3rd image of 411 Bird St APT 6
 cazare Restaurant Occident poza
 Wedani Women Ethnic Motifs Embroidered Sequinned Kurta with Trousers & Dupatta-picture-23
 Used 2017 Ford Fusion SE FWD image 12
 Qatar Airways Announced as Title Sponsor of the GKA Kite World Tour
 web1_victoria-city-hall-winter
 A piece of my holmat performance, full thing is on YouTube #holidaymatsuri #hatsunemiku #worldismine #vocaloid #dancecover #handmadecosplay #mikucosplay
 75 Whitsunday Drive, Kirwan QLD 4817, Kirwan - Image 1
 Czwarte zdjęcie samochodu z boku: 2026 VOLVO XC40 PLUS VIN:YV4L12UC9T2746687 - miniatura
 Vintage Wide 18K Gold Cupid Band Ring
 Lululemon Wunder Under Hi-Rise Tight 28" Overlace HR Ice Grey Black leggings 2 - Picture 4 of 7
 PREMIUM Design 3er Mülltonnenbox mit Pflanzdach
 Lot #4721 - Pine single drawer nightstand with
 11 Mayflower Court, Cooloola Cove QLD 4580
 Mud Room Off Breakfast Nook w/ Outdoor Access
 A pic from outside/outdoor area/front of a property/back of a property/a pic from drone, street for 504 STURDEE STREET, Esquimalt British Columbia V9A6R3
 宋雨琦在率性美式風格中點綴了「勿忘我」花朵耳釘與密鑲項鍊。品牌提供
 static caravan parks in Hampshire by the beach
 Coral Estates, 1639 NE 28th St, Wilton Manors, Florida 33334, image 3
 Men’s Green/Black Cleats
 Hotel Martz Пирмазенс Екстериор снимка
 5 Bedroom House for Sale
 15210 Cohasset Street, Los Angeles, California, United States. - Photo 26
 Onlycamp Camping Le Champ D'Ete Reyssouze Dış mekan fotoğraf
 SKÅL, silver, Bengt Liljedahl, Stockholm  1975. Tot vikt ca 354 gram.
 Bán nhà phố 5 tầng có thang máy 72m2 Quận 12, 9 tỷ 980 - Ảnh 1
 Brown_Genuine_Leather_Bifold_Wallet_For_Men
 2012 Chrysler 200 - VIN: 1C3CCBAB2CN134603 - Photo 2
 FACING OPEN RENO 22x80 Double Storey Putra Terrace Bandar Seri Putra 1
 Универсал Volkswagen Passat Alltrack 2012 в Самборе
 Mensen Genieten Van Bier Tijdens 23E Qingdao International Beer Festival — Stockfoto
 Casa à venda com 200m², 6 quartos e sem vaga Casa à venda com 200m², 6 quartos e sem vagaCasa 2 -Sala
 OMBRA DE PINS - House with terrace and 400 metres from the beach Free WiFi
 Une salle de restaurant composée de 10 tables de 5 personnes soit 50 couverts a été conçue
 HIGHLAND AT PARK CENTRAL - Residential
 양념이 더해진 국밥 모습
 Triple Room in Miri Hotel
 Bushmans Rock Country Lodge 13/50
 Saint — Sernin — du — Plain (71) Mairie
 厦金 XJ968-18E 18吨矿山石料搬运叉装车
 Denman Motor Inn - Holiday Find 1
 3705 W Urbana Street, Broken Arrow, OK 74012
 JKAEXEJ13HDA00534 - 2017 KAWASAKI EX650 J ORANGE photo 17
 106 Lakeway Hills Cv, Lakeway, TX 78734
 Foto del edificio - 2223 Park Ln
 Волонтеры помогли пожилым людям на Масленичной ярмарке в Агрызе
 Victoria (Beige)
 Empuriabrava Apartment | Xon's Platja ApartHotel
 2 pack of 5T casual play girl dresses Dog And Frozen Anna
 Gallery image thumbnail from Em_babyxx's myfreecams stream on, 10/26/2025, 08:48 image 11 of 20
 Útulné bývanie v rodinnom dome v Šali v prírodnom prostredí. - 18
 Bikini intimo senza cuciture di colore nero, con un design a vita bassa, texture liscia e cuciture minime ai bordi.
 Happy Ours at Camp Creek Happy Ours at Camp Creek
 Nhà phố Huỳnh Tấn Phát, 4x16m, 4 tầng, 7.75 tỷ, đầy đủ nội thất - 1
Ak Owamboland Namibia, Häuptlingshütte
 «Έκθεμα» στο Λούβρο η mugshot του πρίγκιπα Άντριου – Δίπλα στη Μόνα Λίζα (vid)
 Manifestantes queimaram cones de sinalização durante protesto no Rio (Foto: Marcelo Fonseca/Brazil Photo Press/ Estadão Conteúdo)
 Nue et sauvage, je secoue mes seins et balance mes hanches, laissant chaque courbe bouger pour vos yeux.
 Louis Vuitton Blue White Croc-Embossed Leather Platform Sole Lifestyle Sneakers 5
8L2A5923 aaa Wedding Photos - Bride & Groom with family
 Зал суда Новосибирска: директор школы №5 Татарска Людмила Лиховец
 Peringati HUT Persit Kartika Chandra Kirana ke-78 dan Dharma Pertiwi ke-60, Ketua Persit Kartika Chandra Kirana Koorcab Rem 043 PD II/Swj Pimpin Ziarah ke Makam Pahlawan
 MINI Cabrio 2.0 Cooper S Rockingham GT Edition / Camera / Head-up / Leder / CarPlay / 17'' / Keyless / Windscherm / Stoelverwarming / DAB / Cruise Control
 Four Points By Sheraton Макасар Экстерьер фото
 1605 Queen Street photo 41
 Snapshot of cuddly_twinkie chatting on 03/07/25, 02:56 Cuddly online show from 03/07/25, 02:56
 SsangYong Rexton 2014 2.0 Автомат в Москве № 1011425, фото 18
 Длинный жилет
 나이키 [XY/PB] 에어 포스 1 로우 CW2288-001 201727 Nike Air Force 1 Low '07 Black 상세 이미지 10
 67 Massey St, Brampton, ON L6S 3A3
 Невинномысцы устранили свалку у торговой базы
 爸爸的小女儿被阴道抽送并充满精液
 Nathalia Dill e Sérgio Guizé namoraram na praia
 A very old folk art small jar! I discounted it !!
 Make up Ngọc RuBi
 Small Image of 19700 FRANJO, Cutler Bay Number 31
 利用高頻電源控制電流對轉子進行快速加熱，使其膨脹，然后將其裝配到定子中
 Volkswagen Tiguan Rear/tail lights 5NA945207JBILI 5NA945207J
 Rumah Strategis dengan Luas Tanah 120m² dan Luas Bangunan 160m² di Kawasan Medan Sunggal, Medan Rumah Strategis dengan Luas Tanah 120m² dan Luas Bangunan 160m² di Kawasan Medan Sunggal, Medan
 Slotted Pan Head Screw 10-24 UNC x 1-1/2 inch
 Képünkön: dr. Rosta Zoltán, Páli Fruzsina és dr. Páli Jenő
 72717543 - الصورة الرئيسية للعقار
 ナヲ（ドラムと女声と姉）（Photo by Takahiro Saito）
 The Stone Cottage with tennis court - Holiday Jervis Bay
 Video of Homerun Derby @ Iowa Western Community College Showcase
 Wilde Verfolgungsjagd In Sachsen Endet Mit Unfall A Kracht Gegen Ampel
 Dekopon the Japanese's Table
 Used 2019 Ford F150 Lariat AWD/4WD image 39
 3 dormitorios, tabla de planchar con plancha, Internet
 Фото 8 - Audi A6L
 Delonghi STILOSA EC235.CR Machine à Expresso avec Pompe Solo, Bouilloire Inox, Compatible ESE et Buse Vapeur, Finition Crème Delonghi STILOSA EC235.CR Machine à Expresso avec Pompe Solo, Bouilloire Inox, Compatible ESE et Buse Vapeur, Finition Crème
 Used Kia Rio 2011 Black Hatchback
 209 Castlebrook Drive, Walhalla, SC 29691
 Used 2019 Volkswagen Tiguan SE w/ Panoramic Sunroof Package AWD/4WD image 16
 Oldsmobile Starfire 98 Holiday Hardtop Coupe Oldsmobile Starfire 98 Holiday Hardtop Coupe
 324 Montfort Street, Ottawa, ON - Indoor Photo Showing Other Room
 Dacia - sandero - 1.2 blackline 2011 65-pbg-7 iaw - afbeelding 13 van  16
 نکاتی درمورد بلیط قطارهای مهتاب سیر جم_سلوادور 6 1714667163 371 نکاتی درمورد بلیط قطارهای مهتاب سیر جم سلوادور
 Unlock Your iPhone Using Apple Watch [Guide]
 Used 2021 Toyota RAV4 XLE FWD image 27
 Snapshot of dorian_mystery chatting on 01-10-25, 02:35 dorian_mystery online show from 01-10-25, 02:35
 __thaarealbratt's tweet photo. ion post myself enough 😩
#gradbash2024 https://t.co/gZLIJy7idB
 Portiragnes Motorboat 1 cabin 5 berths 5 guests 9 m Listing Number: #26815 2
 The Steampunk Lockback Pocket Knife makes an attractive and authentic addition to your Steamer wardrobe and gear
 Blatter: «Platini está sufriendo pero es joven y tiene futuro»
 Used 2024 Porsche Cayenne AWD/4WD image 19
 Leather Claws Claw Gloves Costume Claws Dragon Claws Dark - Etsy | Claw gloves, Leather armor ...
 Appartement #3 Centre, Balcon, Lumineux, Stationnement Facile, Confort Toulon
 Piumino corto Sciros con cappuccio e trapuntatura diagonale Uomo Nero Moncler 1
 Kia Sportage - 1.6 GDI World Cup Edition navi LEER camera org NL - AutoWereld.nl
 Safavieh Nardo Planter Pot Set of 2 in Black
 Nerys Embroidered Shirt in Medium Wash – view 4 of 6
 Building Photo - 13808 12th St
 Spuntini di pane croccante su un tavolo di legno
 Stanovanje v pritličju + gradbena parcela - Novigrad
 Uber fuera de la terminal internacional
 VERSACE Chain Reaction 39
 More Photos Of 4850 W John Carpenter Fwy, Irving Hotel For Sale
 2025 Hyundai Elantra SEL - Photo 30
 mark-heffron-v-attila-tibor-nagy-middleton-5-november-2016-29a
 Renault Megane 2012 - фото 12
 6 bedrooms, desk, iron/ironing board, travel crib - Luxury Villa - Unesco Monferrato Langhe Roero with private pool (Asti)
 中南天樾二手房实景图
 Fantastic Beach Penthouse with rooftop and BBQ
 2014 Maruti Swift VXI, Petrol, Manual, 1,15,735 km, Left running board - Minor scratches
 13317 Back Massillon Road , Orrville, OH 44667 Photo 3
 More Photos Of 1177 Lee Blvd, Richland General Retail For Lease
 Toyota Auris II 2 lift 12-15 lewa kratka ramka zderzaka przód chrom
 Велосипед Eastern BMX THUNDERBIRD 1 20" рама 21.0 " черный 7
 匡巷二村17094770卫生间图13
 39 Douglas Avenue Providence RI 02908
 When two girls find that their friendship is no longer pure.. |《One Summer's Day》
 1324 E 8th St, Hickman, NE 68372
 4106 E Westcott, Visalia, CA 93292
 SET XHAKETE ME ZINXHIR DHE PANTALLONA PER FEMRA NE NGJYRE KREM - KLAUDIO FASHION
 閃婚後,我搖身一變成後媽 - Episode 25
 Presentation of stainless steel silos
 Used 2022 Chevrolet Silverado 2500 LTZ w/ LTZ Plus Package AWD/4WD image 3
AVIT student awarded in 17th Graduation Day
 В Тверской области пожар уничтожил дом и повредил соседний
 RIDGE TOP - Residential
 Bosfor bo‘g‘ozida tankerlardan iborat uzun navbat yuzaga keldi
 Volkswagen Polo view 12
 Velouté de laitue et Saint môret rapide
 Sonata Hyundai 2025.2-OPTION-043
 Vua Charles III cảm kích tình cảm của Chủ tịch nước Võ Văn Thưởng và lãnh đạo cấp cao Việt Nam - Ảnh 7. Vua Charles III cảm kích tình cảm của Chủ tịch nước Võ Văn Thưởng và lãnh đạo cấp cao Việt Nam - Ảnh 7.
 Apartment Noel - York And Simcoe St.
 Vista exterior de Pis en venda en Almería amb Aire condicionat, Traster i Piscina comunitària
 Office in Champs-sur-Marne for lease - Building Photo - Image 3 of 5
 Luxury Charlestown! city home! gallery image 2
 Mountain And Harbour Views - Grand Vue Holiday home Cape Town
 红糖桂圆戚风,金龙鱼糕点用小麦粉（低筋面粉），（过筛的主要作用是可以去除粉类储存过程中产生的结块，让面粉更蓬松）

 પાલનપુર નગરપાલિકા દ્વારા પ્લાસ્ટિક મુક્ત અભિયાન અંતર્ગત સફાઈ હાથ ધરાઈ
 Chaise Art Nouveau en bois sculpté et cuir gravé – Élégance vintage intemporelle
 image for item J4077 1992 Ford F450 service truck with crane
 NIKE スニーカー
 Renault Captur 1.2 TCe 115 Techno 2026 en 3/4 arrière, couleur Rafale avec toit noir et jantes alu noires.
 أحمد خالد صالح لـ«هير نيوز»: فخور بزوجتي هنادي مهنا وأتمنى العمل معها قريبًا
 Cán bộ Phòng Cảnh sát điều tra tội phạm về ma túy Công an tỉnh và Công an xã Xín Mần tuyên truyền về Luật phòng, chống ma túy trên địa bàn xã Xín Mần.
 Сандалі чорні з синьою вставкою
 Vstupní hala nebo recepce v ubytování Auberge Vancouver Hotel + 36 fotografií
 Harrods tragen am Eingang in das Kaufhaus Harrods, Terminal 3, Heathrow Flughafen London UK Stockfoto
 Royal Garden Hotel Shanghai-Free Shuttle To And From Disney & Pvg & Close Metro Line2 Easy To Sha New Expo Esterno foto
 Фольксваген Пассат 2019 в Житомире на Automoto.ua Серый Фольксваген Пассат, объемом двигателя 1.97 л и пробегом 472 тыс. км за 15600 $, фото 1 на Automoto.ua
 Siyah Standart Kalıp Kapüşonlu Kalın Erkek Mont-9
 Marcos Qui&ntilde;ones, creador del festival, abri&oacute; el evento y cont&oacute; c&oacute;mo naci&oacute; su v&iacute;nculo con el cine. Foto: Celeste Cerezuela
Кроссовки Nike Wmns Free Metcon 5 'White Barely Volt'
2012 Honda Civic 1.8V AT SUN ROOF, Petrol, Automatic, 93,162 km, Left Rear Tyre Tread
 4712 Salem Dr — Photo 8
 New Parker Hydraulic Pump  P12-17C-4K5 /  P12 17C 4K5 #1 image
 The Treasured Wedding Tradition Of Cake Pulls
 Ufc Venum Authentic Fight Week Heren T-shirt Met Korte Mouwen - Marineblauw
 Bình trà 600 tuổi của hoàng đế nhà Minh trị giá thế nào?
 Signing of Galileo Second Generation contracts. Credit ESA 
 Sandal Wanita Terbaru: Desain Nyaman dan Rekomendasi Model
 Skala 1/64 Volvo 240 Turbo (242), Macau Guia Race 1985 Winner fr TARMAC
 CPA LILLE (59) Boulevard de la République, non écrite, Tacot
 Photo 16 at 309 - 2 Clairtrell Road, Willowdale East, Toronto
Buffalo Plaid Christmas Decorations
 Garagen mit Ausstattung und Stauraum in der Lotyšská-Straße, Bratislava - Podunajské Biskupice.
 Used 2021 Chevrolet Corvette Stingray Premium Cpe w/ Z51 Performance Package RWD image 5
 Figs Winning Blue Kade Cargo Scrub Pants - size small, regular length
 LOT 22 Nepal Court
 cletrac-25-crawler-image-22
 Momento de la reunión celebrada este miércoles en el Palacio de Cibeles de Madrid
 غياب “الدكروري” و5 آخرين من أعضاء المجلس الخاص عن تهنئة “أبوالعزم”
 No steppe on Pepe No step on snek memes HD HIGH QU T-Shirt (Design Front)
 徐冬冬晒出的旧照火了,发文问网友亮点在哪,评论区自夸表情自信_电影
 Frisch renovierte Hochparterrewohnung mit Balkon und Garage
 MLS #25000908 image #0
────────────────
Scan the listing for the word "White". Copy every line in which it appears.

 Louis Vuitton Blue White Croc-Embossed Leather Platform Sole Lifestyle Sneakers 5
Кроссовки Nike Wmns Free Metcon 5 'White Barely Volt'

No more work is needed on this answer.